Art Toronto 2019 – October 25-27, 2019
Metro Toronto Convention Centre
Booth #A29

www.arttoronto.ca

 

For the 20th consecutive year, Michael Gibson Gallery will be exhibiting at Art Toronto. We are honoured to be one of six original galleries who have participated every year since the fair’s inception in 2000: Christopher Cutts Gallery (Toronto), Corkin Gallery (Toronto), Feheley Fine Arts (Toronto), Michael Gibson Gallery (London), Miriam Shiell Fine Art (Toronto), and Odon Wagner Gallery (Toronto).

We are excited to present a curated booth that focuses on figurative-based work and strong abstract paintings with a balance between secondary market artworks and represented artists.

Jack Bush’s “London #8” painting was painted in the summer of 1973 for an exhibition at Waddington Galleries in London, UK.  This painting will be featured in Art Toronto’s focus on Painters 11.

Graham Coughtry’s captivating “Self Portrait” inspired us to curate a section of our booth focused on the figure.  This canvas, from 1963, toured 11 American cities in the 1960s including the MoMA.

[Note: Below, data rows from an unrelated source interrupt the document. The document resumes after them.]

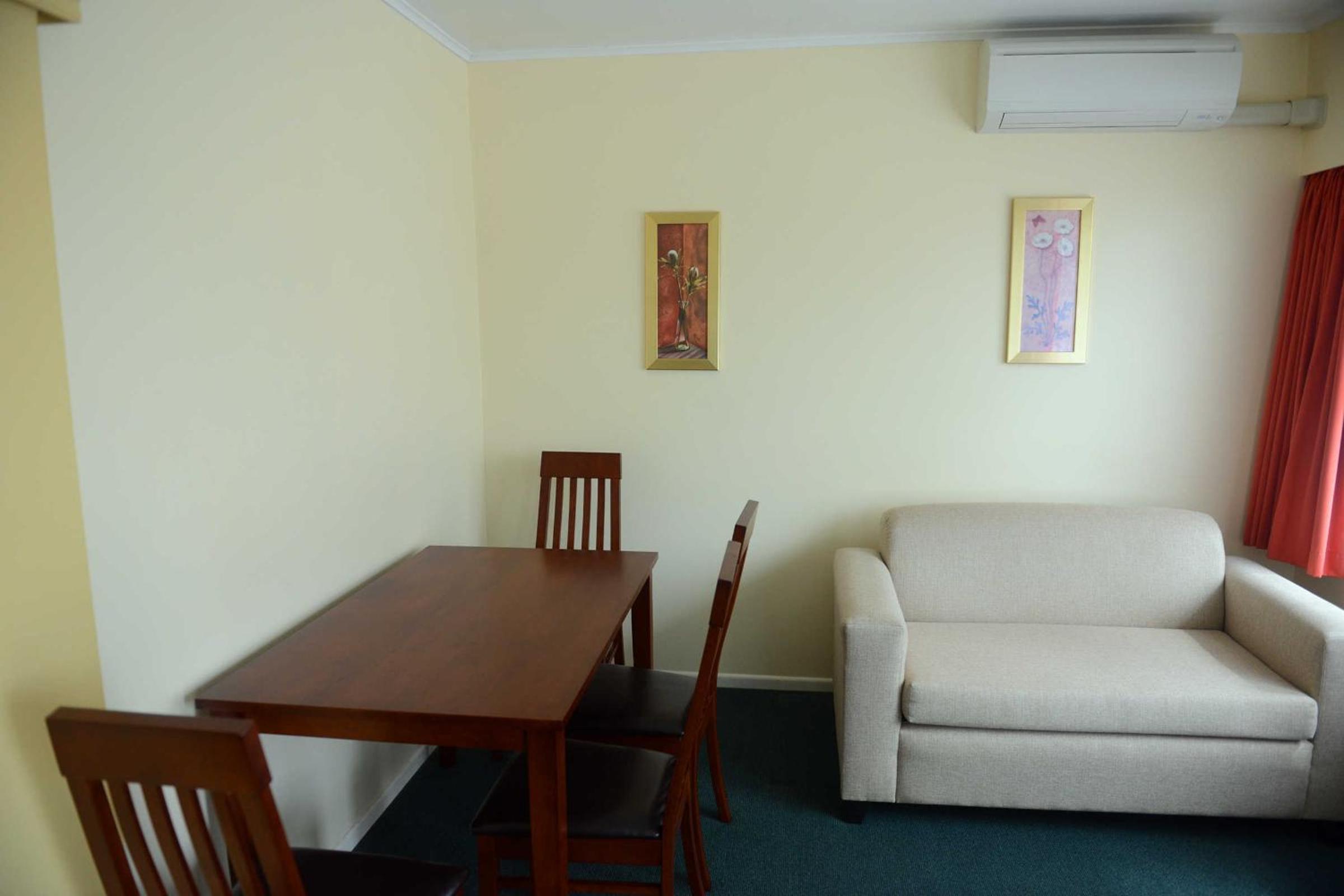 Family Apartment photo 1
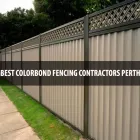 Business 2 image THE FENCE KING Fencing Contractors in Perth WA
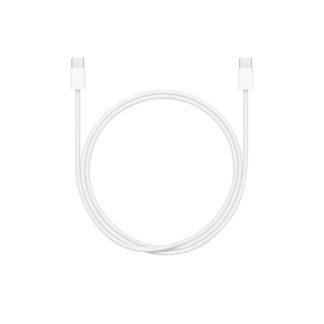 Apple 60W USB-C Charge Cable 1m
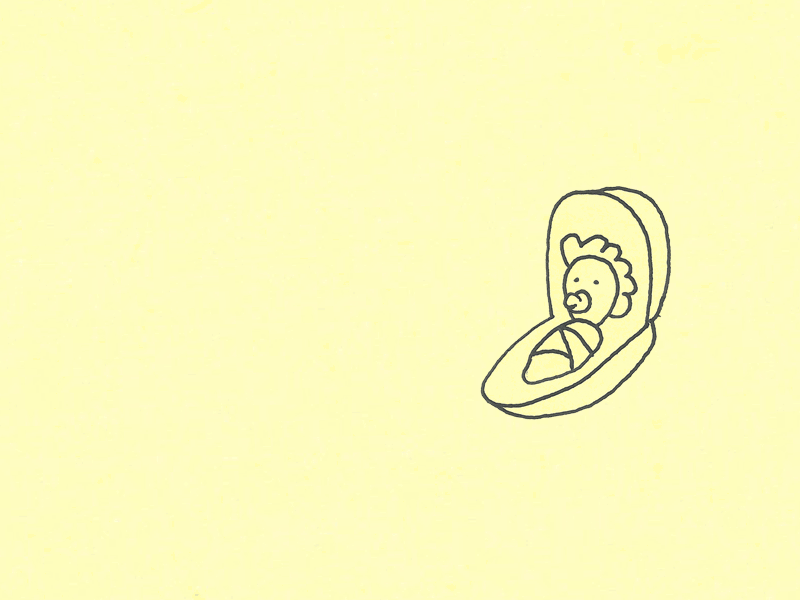 Killing Creative Babies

Along with Coughtry, Greg Curnoe is well known for paintings of the female form.  We will be showing Pop-inspired figurative paintings from the 1960s by Curnoe.

Susan Dobson’s slide carousel photographs transform an obsolete technology into an industrial object.

Continuing with our figurative theme, we will be showing 2 vintage bee-altered porcelain figurines from Aganetha Dyck’s popular 2008 “Masked Ball Series”.

Gathie Falk has painted for us a charming suite of small still-life paintings featuring intimate moments from her everyday life.

Jonathan Forrest, working within his modernist history, has pushed his technique even further, creating luminous soft, glowing, immersive abstract paintings.

Charles Gagnon’s painting from 1981 is an impressive gestural masterpiece complete with references to film and photography.

Will Gorlitz has painted for us a stunning new moon painting, hot and fiery, and properly tilted to enhance our visual experience.

Betty Goodwin’s swimmer painting is from her iconic “Swimmer Series” where she explored the human form, floating, swimming and falling through space.

In addition to Aganetha Dyck’s sculpture, we will be featuring a polmerized gypsum sculpture of a “Hat and Gloves” by Vancouver-based artist Liz Magor.

Jason McLean has created for us new idiosyncratic drawings that reference the passing of time, his family and the places where he lives.

Steven Shearer is known for his photo assemblages that reference youth and heavy metal culture.  We are featuring a rare print called “Choices and Associations” that combines images of youthful innocence in direct juxtaposition with tenuous adult choices.

Along with Graham Coughtry and Greg Curnoe, the late 1950s and early 1960s was a time of experimentation and development for Michael Snow.  Our “Enchanted Woman” from 1956 is a cutout, painted collage that inspired the cutouts of the subsequent Walking Woman works that followed.

Hans Wendt has painted for us a meditation in blue with his three high-realist watercolour paintings.

Last year we introduced the emerging photographer Sage Szkabarnicki-Stuart’s non-photoshoped and self-referential photos.  This year we will update you on her recent ambitions and adventures through photography.